The size of 47 mb is exactly what you expect for an image of that size if saved uncompressed. The compressed size is dependent on the data. This type of noisy data does not compress so well (one of the examples you sent me in tif is also around 45 megs in size). But if you crank up compression to, let’s say 9 in the export, you’ll get a smaller file size again. Very similar to the one in tiff (again, no data loss here, just a different way to encode the data on disk).

Now maybe about your performance issues: Are the objects you are after rather large, or small? Do you find yourself using a lot of big brush strokes?
ilastik works best with rather small (even size 1) brush strokes.
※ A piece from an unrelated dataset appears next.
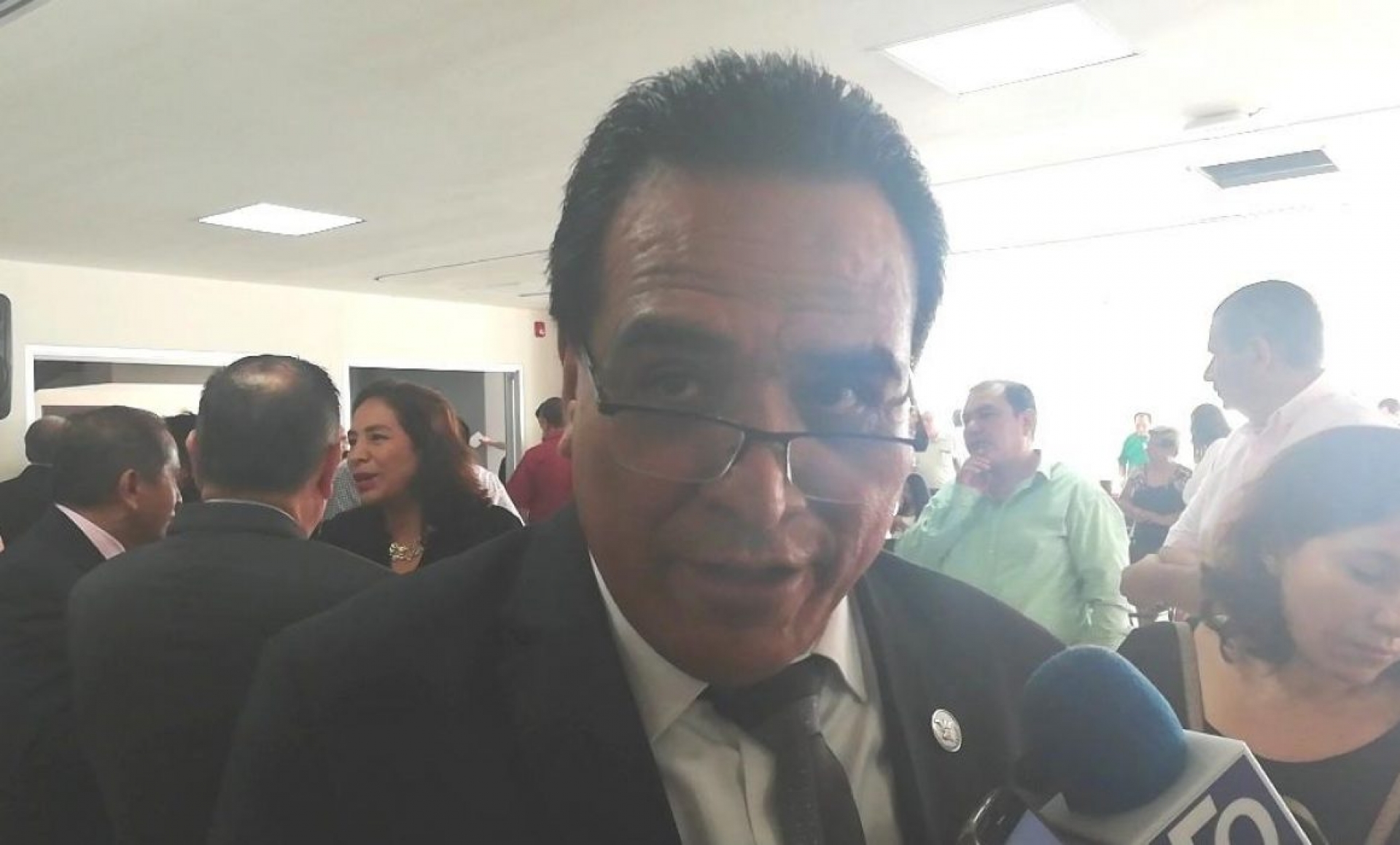 Buscan dar más facultades a Roberto Coránguez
Adding training data in places where the prediction is already doing well, does not really help - but slow down the training significantly.

If the structures you’re after are rather large, then you could also consider downscaling your data.

Also when training, try not to zoom out to too much while in live update. ilastik will only request the part of the image that your are looking at at any given moment - so updates are faster zoomed in.

I’ve also added some performance-related information here: Which upgrade for my laptop would be most beneficial for working with "Ilastik"? - #2 by k-dominik, maybe this is of help.

Cheers

1 Like

Thanks again for the quick help.

@k-dominik I have now read through all of Ilastik’s instructions again, but the batch processing function in the Pixel Classification workflow has not yet become clear to me in the last part with ‘prediction Export’ and ‘Batch Processing’.
The following problem: I train the Pixel Classifier with several images in ‘Training’ (compressed hdf5-files as you recommended). Afterwards I set the export settings in ‘Prediction Export’ (Source: Simple Segmentation; default Export Image Settings).
In ‘Batch Processing’ I can select the images to be segmented and then process them. Not all images are processed, only the last selected one. I don’t know if I should set something else in the ‘Prediciton Export’ settings…
Might there be an online seminar on Ilastik in the future?

Greetings
Paul

Hi @hofmanpa,

  • The Export Applet has two purposes: configure the export (what source, file type, all those settings), and export the data you have trained on.
  • The Batch Processing Applet is there to be able to easily apply the trained classifier to unseen data (data you have not used in training). The idea is that you train on some representative data and then can apply it to the rest of the supposedly bigger dataset. (Why not add all as input data in the beginning? First of all, ilastik unfortunately gets slow if you add more than 10, 20 images for training. Also it does not improve the classification if you add a lot of similar training data - this just makes the training slower.)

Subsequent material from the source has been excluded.